Não devolver o troco que veio a mais; colocar três pedaços de carne no prato, quando o restaurante orienta pegar apenas dois; sonegar impostos sob o argumento de que os políticos roubam e os serviços não nos são oferecidos na proporção do que nos é cobrado de impostos; não oferecer o lugar para os mais cansados e idosos no transporte público; charlatanismo; o som alto na frente da casa dos outros; a fruta colhida no pomar alheio; dirigir embriagado sem dar importância às possíveis e fatais consequências; não devolver o dinheiro que tomamos emprestado; o material de construção pego na obra dos outros sem a devida comunicação e devolução; transitar pelo acostamento; a naturalidade que se enxerga a corrupção nas administrações públicas, quando se é beneficiado pela referida administração; não respeitar o cônjuge do outro; e não nos esqueçamos, do emblemático voto vendido, às vezes, a mais de um candidato. Quem de nós nunca cometeu um desses pecados – ou até mais de um – que atire a primeira pedra.
Todas essas práticas são presentes em nosso do dia-a-dia e não estão fincadas somente na corrupção. A verdade é que essas práticas são irrigadas pela malandragem, um estilo carioca de ser que fazemos questão apresentar ao mundo como uma marca só nossa. Em cem anos de malandragem, ninguém parou para refletir que futuro esse comportamento torpe nos reservaria. Quem ousou pensar nisso, foi impelido a ficar calado, “porque não adianta nada falar” ou porque “você vai acabar queimando seu filme e/ou perdendo amigos”, geralmente trambiqueiros.
O garoto que não deseja trabalhar e ter patrão... Vende droga e rouba, porque é “um bom malandro”. Ele cresceu ouvindo reclamações e lamúrias de que trabalho é coisa gente ferrada e que só se deu bem na vida o sujeito que mentiu, falsificou, transgrediu, ludibriou e traficou. E quem deu esse ensinamento menciona até exemplos de bobos (trabalhadores) e espertos (malandro). O policial e o político que se corrompem comumente começam suas carreiras pensando em fazer o certo. Todavia, eles acabam “rindo da honra”, ficando com “vergonha de serem honestos” e são levados a assimilar que estão inseridos num lupanar de oportunidades onde boa parte dos seus pares se prostitui e sempre se dão bem.

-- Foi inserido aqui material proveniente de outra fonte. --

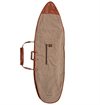 OTRA---The-Carlow-Surfboard-Bag-1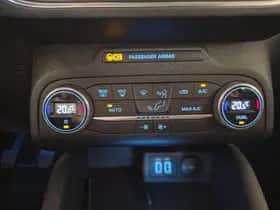 Ford Focus (2021) thumbnail 15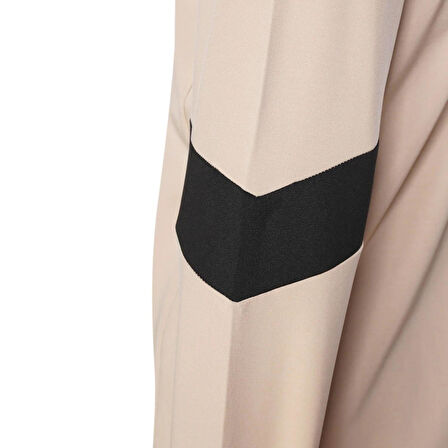 Hummel Erkek Eşofman Üst 922292-9033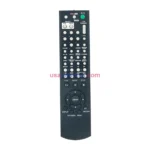 Sony RMT-V501E DVD Remote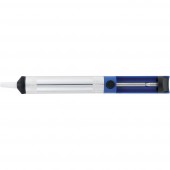 Ónszippantó pumpa TOOLCRAFT ZD-190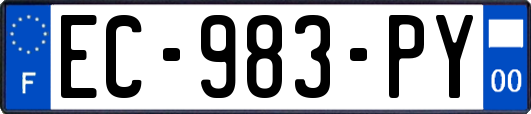 EC-983-PY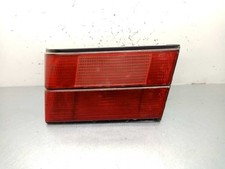 Feu arrière BMW 524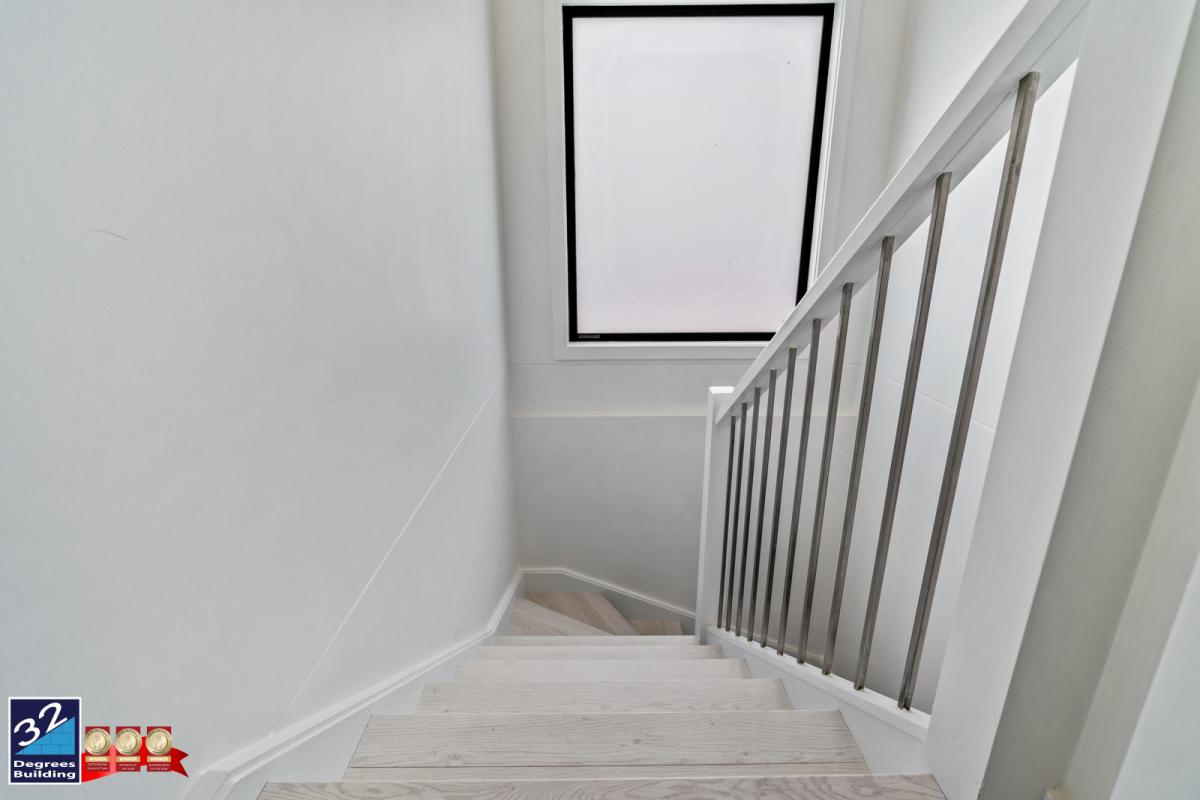 Second Storey Addition - Maroubra (13 of 31)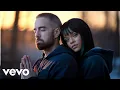 Download Lagu Eminem \u0026 Rihanna -  I Will Always Pray For You (2025 Official Music Video)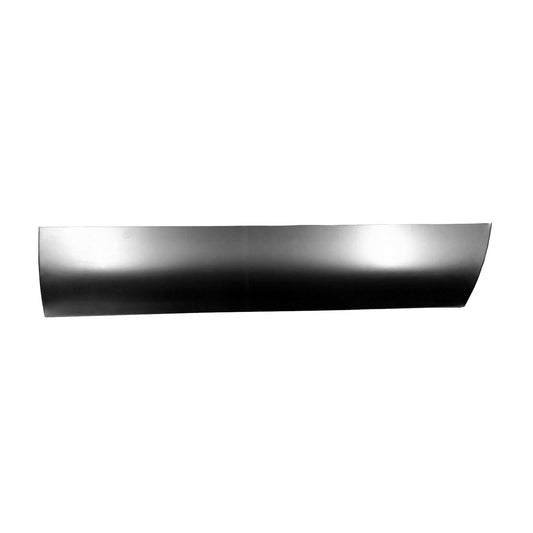 1999-2016 FORD F250 F350 F450 Door Bottom Passenger Side - RRP3230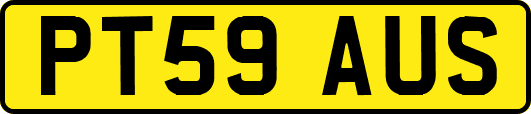 PT59AUS
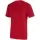 359725.webp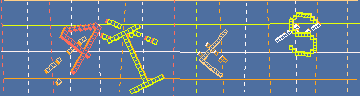 Código de confirmación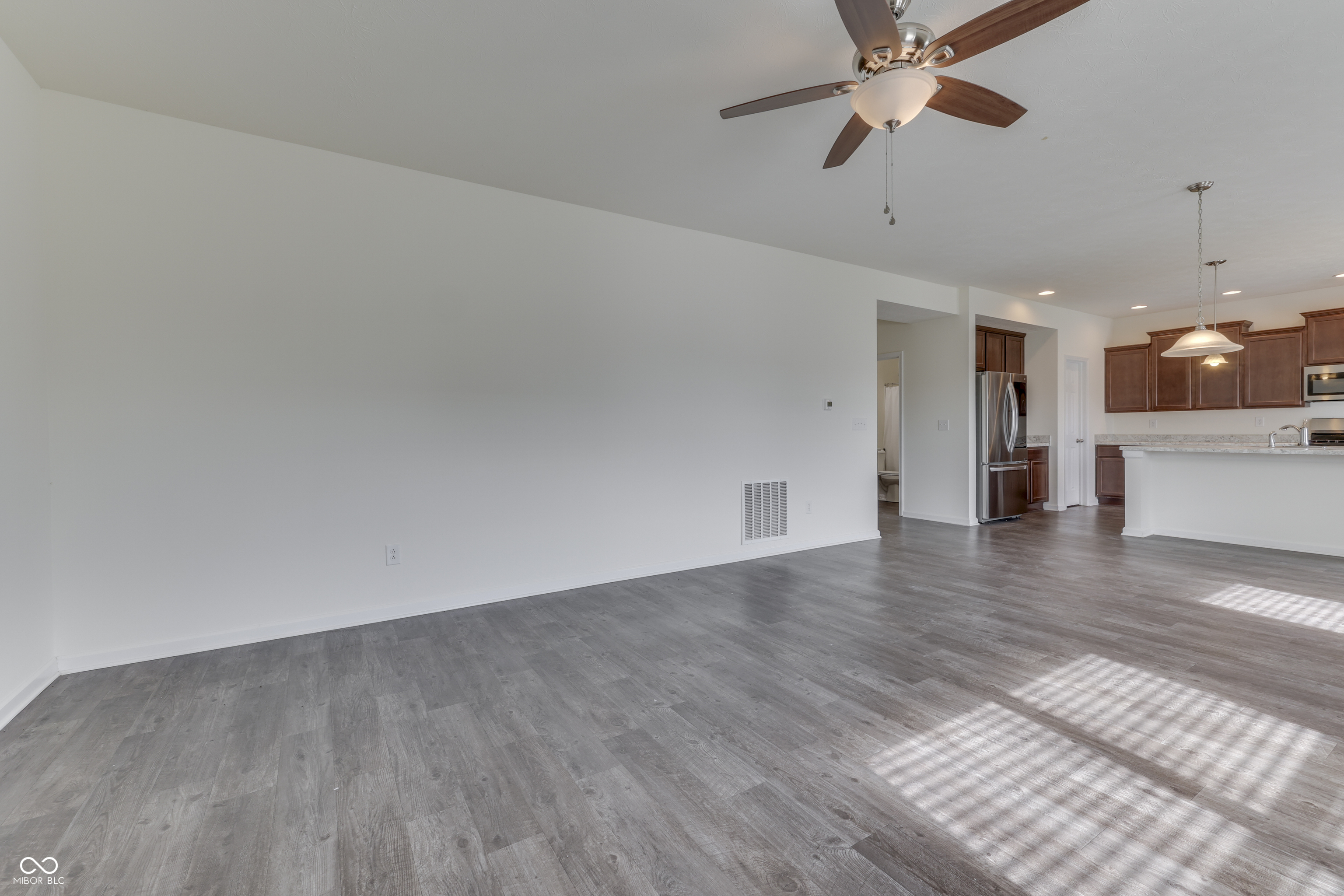 2277 Maple Stone Lane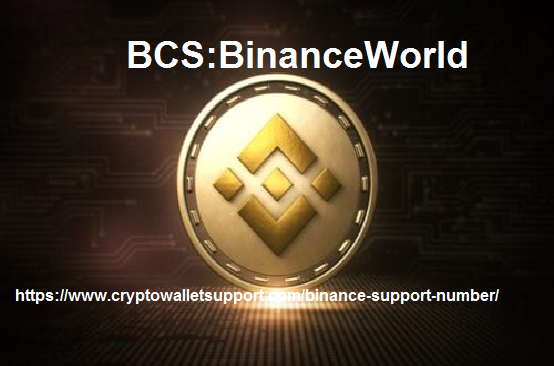 JohnBrayn7's tweet photo. Is your Binance account out of service? Are you facing temporary account disable error?  If yes, you can always speak to the well-proficient team of supervisors who are hired for tackling the problems faced by the users..https://t.co/yjW3pH9dse https://t.co/c8NHvurTQA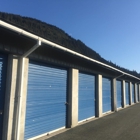 Juneau Self Storage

Aqui eu termino com a fala do fictício tenente coronel, Nascimento; personagem de Tropa de Elite (o segundo filme). Há cerca de 10 anos, o drama da Segurança Pública no Rio de Janeiro estava expostos nos cinemas. O filme termina com a voz de Nascimento dizendo o seguinte: “O sistema entrega a mão para salvar o braço... O sistema se reorganiza, articula novos interesses... Cria novas lideranças. Enquanto as condições de existência do sistema estiverem aí, ele vai resistir! Agora me responde uma coisa: quem você acha que sustenta tudo isso? É... E custa caro... Muito caro! O sistema é muito maior do que eu pensava! Não é a toa que os traficantes, os policiais, os milicianos matam tanta gente nas favelas! Não é a toa que existem as favelas! Não é a toa que acontece tanto escândalo em Brasília, que entra governo e sai governo e a corrupção continua... Para mudar as coisas... Vai demorar muito tempo. O sistema é foda! Ainda vai morrer muito inocente!”.